But some of the factors underlying the political debate of the last few years are changing. And the State has different options than it did at the dawn of this decade.

In conducting its study, the Commission empaneled an Advisory Committee and held sessions covering four general issue areas -- strategic planning, design and construction, alternative sanctions and privatization. The sessions were used to inform the Commission on the history, issues and potential reforms in those areas. A list of the Advisory Committee members is in Appendix A.

In addition, the Commission conducted three public hearings, in June, August and September of 1997. It heard from a variety of state officials, correctional practitioners and national experts. A list of the witnesses are in Appendix B.

Commissioners visited a number of prisons, spoke with prisoners, correctional officers and wardens. A list of the facilities visited is in Appendix C.

The Commission conducted extensive literature searches and interviews.

The Commission's conclusions are a product of this process and are documented in this report.
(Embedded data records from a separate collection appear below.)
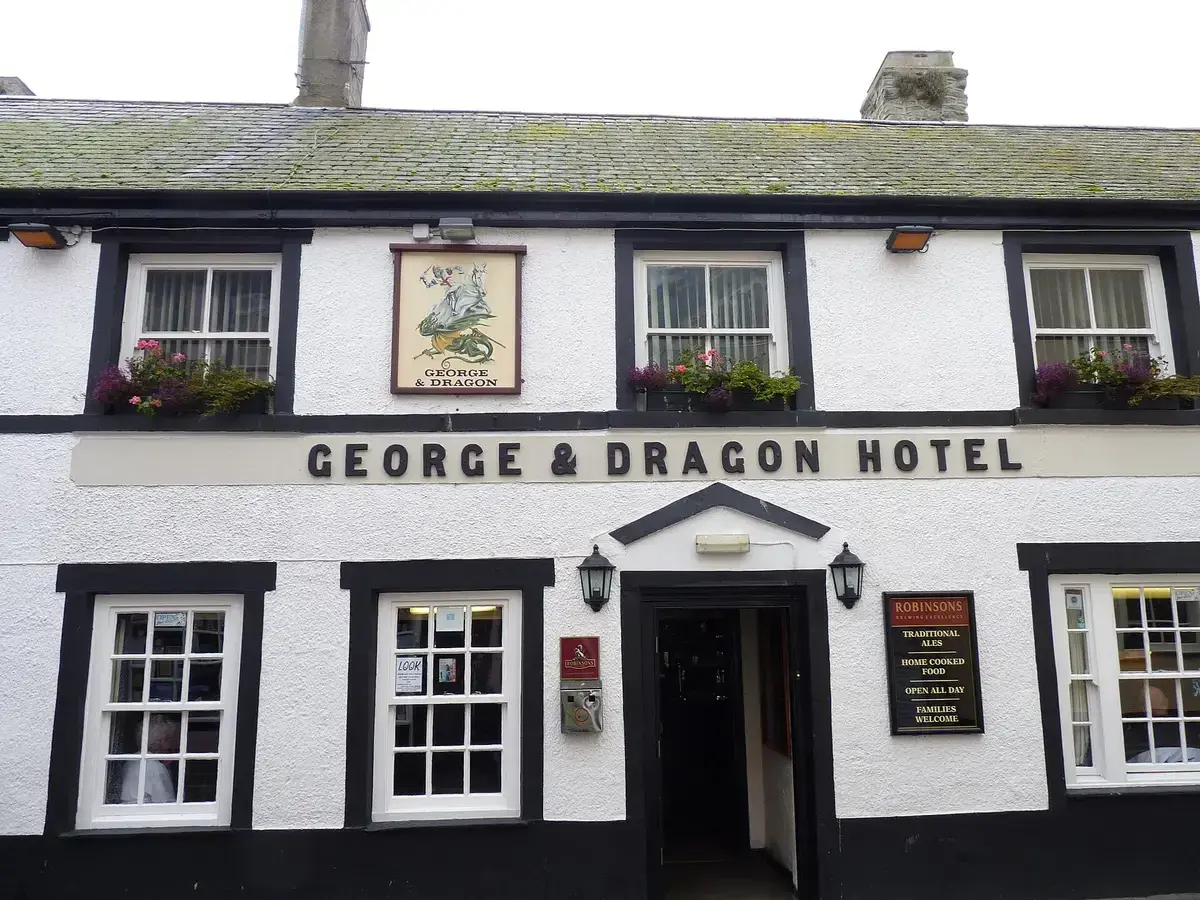 White and black painted inn front with a lettered fascia, sash windows and window boxes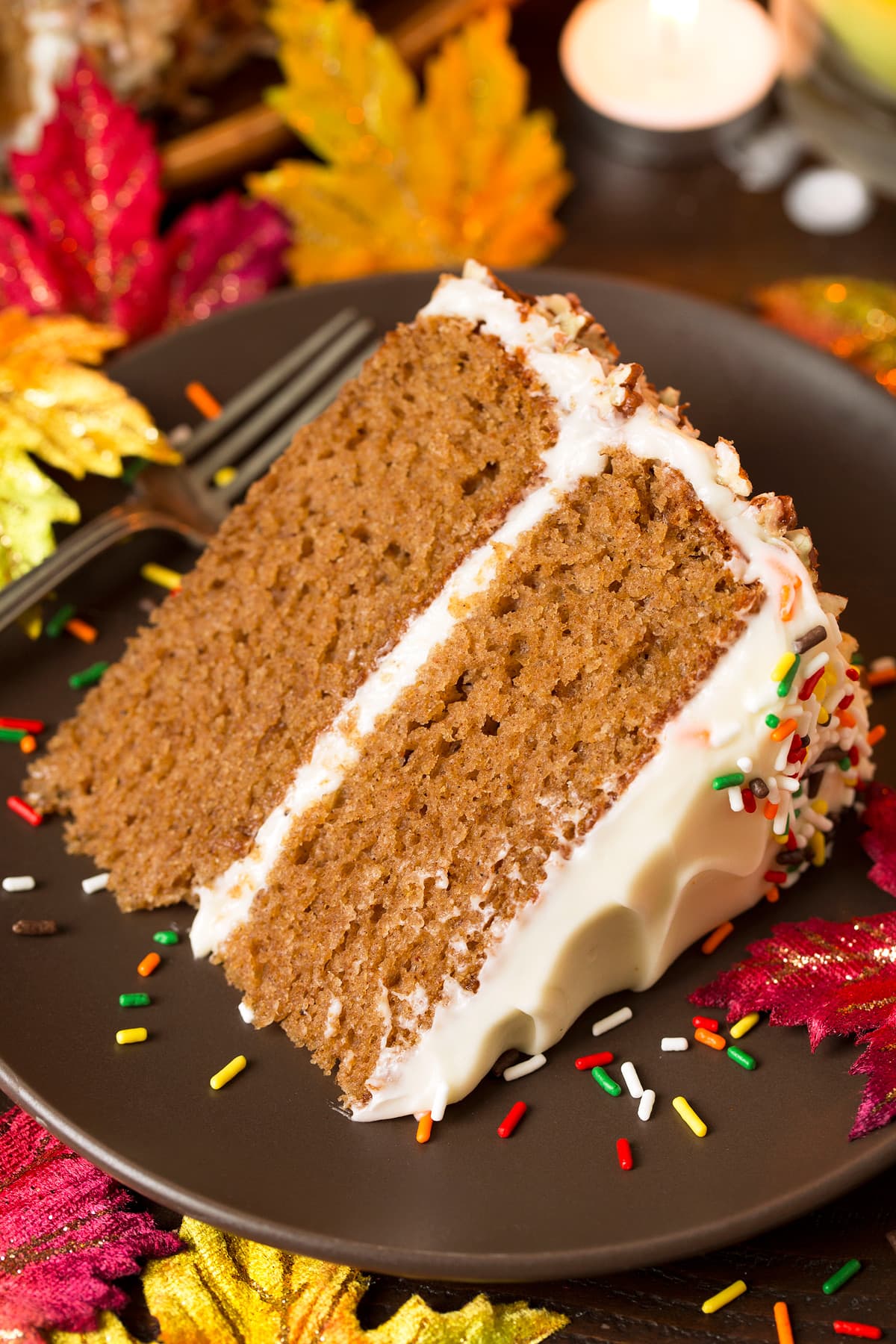 Spice Cake slice with cream cheese frosting, on a brown matte plate decorated with colorful fall leaves around it.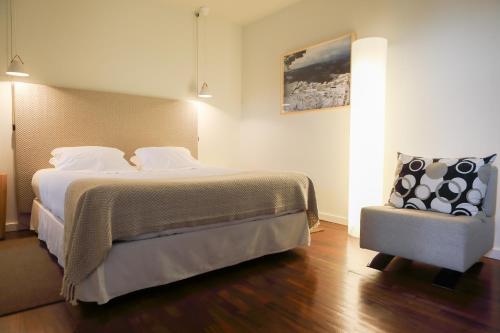 塞亚卡萨斯多索伊托公寓的一间卧室配有一张大床和一把椅子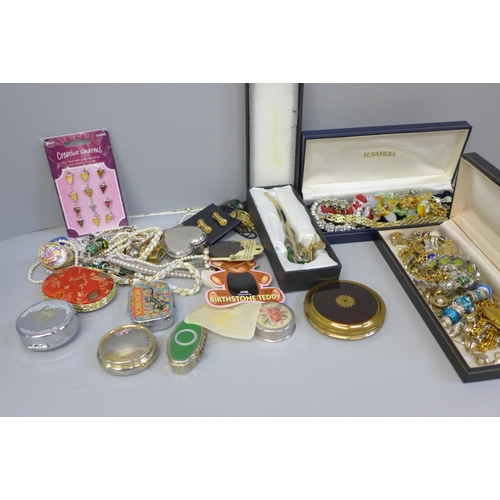 703 - A collection of lady's pill boxes, a powder case, decorative bookmarks, a jade elephant, costume jew... 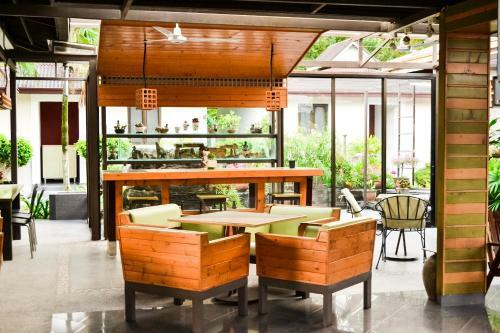 Hostal Qi Hotel And Club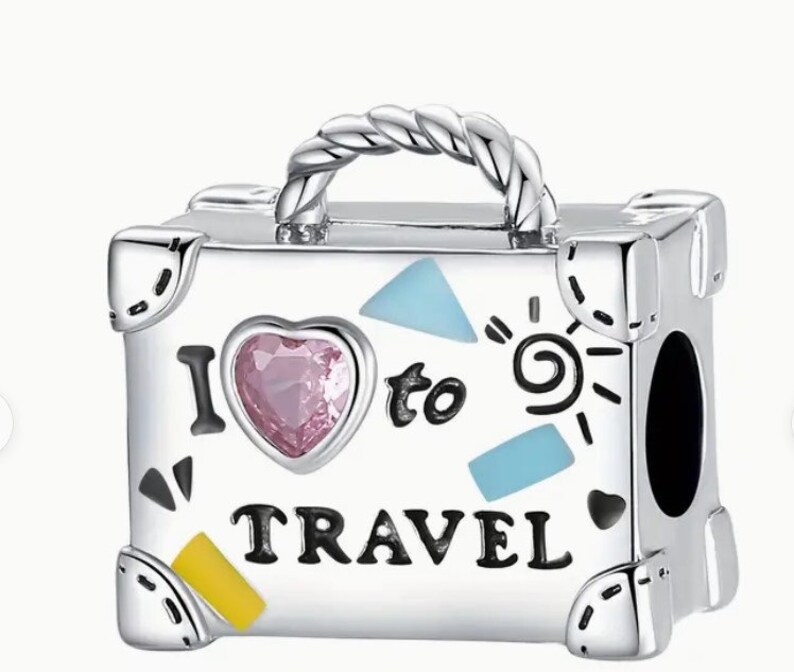 May include: Silver charm in the shape of a suitcase with a pink heart, blue and yellow accents, and the text "I love to travel".
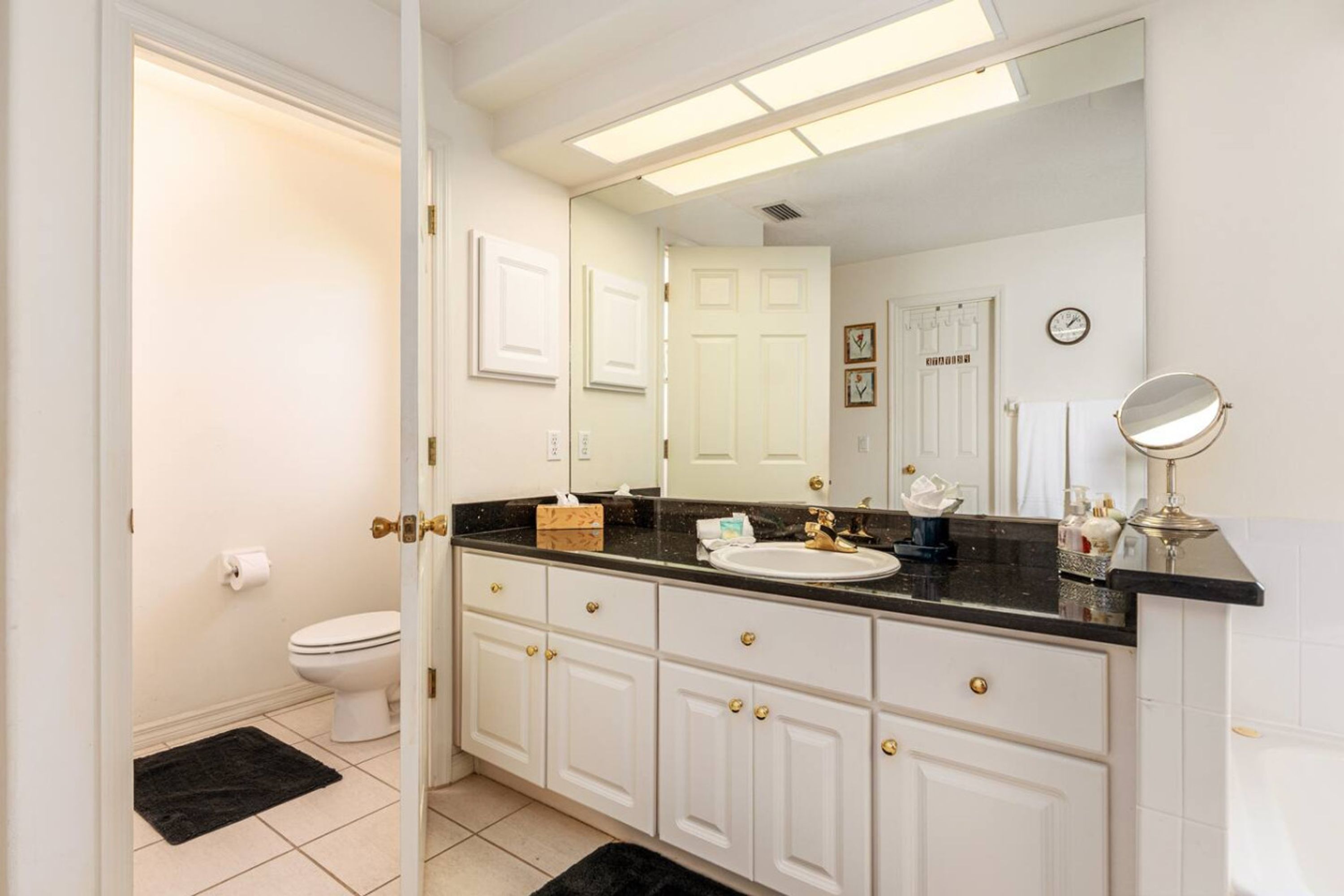 Une salle de bain avec des toilettes blanches, un lavabo avec un miroir et un comptoir noir.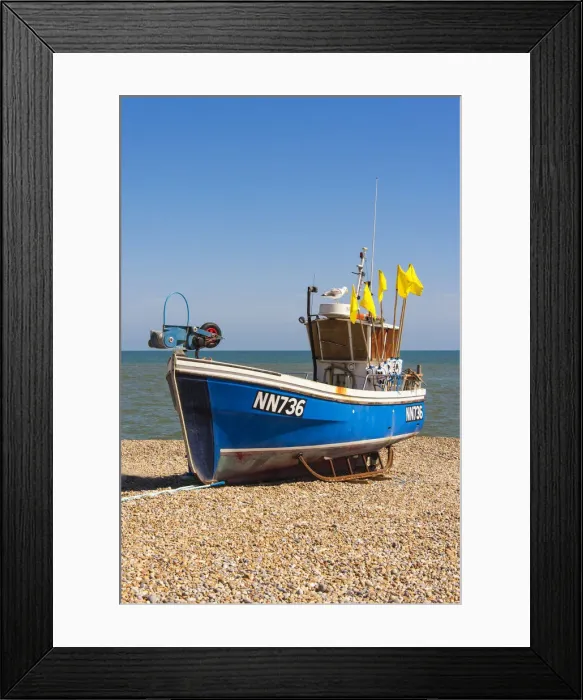 Framed Print : A traditional fishing boat on the shingle beach at Hastings, Sussex, England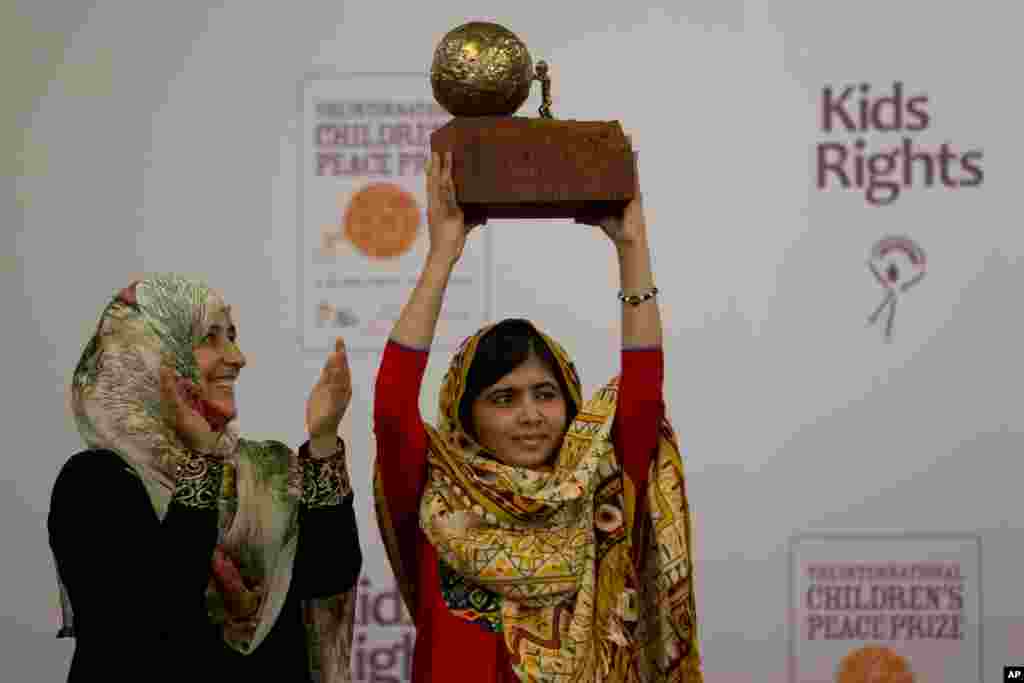 Remaja putri Pakistan, Malala Yousafzai, kanan, yang luka ditembak oleh Taliban karena mendukung pendidikan untuk anak perempuan, mendapatkan Penghargaan Perdamaian Anak-anak Internasional 2013 yang diserahkan oleh pemenang Hadiah Nobel Perdamaian 2011 Tawakkol Karman dari Yaman, dalam sebuah acara di Hall of Knights di Den Haag, Belanda.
Because of the urgency of this issue, the Commission has developed recommendations that it believes to be politically feasible and financially practical.

The report begins with a Transmittal letter, an Executive Summary and this Introduction. The following sections include a Background and six chapters that are divided into three sections: Systematic Overcrowding, Maximizing the Existing System, and Performance-Based System Expansion. The report closes with a Conclusion, Appendices and Endnotes.